After several earlier seasons of his musical theatre piece, Maluju Zulu , Durban playwright and director Bonginkosi Shangase has finally got the ingredients right and his new version appeared in the opening slot of the Playhouse Company’s New Stages season. New Stages highlights theatrical expressions of the New South Africa and will be followed by Talking Spirits and African Queen this weekend.

The production was in isiZulu and so I had problems following aspects of the story and dialogue, obviously missing the humour which generated gales of laughter from the audience. However, I thoroughly enjoyed the work and welcomed its more focused and better staged presentation.
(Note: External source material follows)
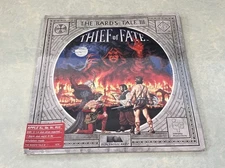Bard's Tale III: The Thief of Fate (Apple, 1988) Vintage Pc Game Sealed New !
It rightfully justifies its selection as the best production at this year’s Market Theatre Laboratory’s Zwakala festival in Gauteng.

Maluju Zulu tells a tale of love and war as clans go to battle over boundaries drawn by colonialism. It’s a kind of Romeo and Juliet scenario as the young lovers come from different clans. The girl’s admirer (from her own clan) kills her boyfriend in a jealous rage which generates the inevitable reprisals. Eventually it takes the wisdom of an elder to decide that violence is destroying the Zulu nation.

Sadly, faction fighting is still very prevalent in the rural areas of KwaZulu-Natal and Bonginkosi was exposed to tribal warfare as a young boy growing up in these areas. The main movitation behind writing Maluju Zulu (“Maluju” meaning “it is enough”) was to focus on the futility of violence and its repercussions.

The energy of the disciplined cast was undeniable and scenes followed one another efficiently. I was particularly impressed by the performances of Paulette Khwela as the young girl (also the old woman); Mduduzi Ndunakazi as the jealous boyfriend and Khulekani Kunene as a proud and unswerving clan leader, not to mention Cyril Meyiwa who has considerable dancing and comedic ability. The dancing was excellent with some memorable gymastics!

Good use is made of the stage, particularly a departure from the normal Zulu dance format in the final moments. The technology of the Drama Theatre allowed for highly effective lighting and sound and the scenes on the periphery of the battle were very dramatic, accompanied by chilling ululation.

In his programme notes, Bonginkosi Shangase also states: “I wanted to send a message to all Africans that we need to learn the art of dialogue instead of taking up arms and slaughtering each other.”

This sense of compassion and community spirit speaks out strongly in his production and I believe that we have an exciting director in the making. I look forward to seeing more work from Bonginkosi Shangase in the future. – Caroline Smart.